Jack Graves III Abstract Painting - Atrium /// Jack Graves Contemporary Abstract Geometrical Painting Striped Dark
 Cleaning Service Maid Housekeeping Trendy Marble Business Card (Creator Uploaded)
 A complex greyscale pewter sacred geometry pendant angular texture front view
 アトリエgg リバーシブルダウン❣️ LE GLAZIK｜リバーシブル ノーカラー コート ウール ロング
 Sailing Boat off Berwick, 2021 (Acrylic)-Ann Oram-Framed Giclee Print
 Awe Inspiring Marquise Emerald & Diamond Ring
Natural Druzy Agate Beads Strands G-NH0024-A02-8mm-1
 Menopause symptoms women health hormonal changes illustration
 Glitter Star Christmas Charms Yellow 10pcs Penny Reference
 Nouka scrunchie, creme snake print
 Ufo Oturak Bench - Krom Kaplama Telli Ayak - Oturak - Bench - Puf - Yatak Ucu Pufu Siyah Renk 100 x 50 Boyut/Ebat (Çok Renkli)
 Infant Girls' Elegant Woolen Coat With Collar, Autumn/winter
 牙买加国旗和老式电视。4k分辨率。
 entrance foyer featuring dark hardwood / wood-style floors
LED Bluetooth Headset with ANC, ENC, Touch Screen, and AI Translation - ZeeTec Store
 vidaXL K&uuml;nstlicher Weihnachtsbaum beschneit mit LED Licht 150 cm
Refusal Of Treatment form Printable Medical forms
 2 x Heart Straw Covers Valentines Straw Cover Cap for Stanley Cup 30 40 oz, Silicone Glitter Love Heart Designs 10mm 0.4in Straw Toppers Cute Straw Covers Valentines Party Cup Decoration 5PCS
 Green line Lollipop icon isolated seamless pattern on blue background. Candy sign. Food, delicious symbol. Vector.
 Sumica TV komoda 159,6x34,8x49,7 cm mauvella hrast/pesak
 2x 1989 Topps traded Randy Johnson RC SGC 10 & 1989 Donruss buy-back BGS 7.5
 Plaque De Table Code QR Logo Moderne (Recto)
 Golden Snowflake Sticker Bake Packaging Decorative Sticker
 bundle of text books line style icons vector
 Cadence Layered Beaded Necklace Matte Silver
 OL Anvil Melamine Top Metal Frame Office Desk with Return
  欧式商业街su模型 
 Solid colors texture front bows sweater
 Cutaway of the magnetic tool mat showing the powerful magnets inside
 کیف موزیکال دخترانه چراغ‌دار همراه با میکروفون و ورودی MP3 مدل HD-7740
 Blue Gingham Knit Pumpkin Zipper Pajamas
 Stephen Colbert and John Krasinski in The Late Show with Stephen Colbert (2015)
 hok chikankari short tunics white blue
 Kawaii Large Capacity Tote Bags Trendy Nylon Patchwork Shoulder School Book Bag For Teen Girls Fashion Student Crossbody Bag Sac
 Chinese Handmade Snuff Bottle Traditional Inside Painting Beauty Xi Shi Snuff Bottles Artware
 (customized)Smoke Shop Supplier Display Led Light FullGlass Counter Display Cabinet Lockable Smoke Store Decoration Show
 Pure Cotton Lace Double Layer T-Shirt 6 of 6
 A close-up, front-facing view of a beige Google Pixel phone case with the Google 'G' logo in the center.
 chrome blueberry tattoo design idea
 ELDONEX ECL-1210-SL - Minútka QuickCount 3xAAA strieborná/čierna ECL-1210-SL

━━━━━━

> [Task description] From the material above, return every line that contains "Store".

> [Answer section]
LED Bluetooth Headset with ANC, ENC, Touch Screen, and AI Translation - ZeeTec Store
 (customized)Smoke Shop Supplier Display Led Light FullGlass Counter Display Cabinet Lockable Smoke Store Decoration Show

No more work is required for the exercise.